The data:
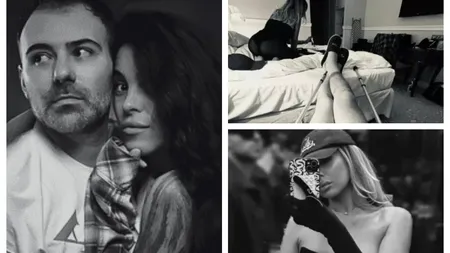 Cu cine a înlocuit-o Spike pe Livia Eftimie. Cum arată noua iubită a artistului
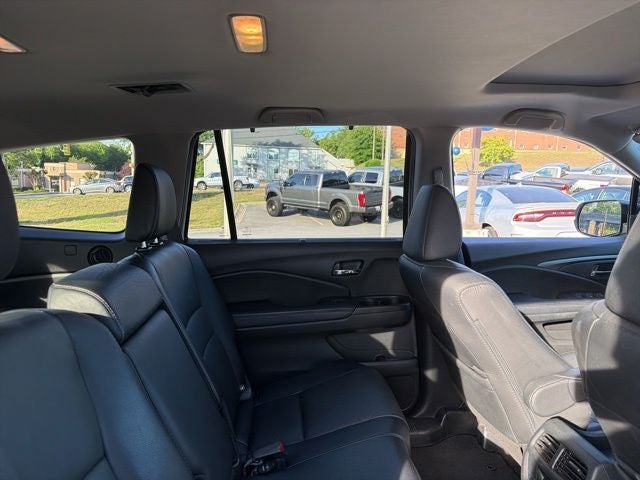 2021 Honda Pilot Special Edition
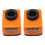 2X Machine Lathe Part 20mm Bore Digital Position Indicator Orange 1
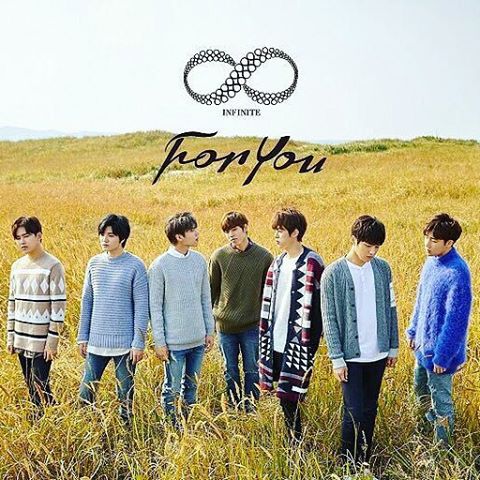 Infinite - For You (2015.12.16. japn)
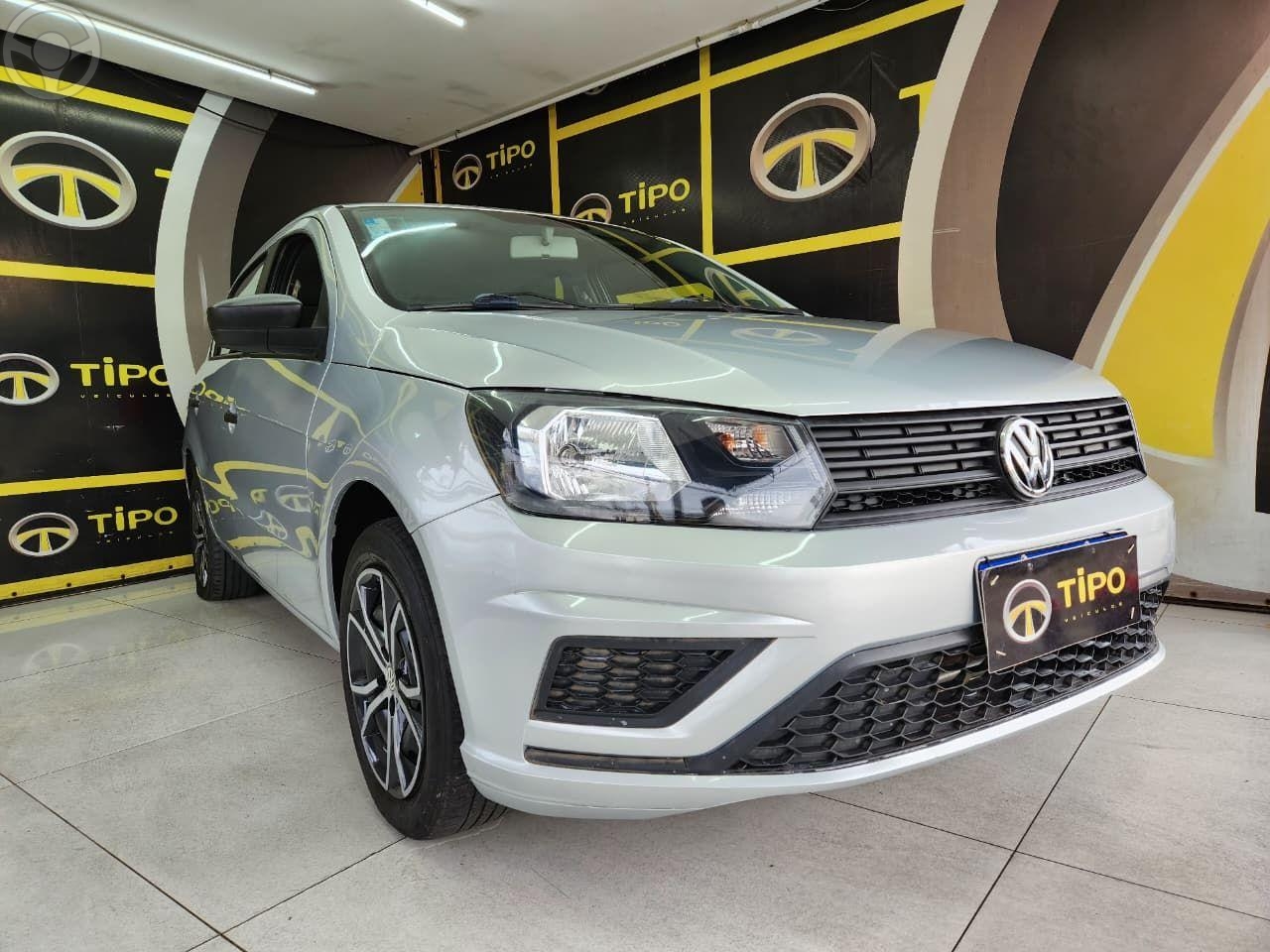 GOL 1.6 MSI 8V TOTALFLEX 4P MANUAL - 2021 - PORTO ALEGRE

Exercise instructions: All of the material above is to be copied exactly, except for its images.

Written answer:
 Cu cine a înlocuit-o Spike pe Livia Eftimie. Cum arată noua iubită a artistului
 2021 Honda Pilot Special Edition
 2X Machine Lathe Part 20mm Bore Digital Position Indicator Orange 1
 Infinite - For You (2015.12.16. japn)
 GOL 1.6 MSI 8V TOTALFLEX 4P MANUAL - 2021 - PORTO ALEGRE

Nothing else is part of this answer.